The film could still be said to be lacking in cinematic virtues - it's true that the camera notices images of beauty, be it a field darkened by a passing fleet of clouds, or a table dressed with quivering coloured jellies, infrequently and accidentally. But if there's little justification for Cold Comfort Farm to be seen at the cinema, the performances aren't weakened by a larger screen. I especially warmed to Eileen Atkins, who keeps widening one mad eye as the gloomy Judith Starkadder, and Rufus Sewell as her spunky son Seth, strutting around vainly assembling his thoughts on womankind for anyone who'll listen, then being reduced to a babbling fool whenever conversation turns to the "Talkies".

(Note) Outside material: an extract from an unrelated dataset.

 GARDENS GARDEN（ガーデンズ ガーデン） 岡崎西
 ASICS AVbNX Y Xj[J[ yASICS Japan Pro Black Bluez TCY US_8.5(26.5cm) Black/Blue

Eddie is the only previously unseen film to be released this week, though it's hardly what you would call new. Whoopi Goldberg plays the title character, a basketball fan who is picked from the crowd at Madison Square Garden and chosen to be that evening's honorary coach for the Nicks. Her big mouth gets her ejected from the court, but she proves a hit with the crowd, and the team's new owner, Wild Bill (Frank Langella), takes a chance and hires her to turn the Nicks' fortunes around. If you've seen The Bad News Bears, Major League, Wildcats or any other film that has gone scouting for laughs on the sports field and in the locker-room, then you won't be surprised by Eddie. Yes, there are gags about groupies. Yes, Whoopi gets to see her boys naked in the showers. Yes, the players are lovable oafs, each with an idiosyncrasy by which they can be easily identified. And no, none of it raises more than a charitable smile.
As the film begins wrapping up its loose ends, it briefly becomes something more pleasing - the story of a bunch of friends struggling to communicate. The bookish assistant musters the wherewithal to offer advice; the infidel learns how to love his wife just as she is about to divorce him; and the hotshot who has spent the film referring to himself in the third person finally thaws out. There are some sweet moments from Goldberg too, who is still perfecting that expression of befuddled exasperation (with her haywire dreads she resembles a volcano in mid-eruption) despite having yet to find a role that harnesses the charge of her stand-up routines.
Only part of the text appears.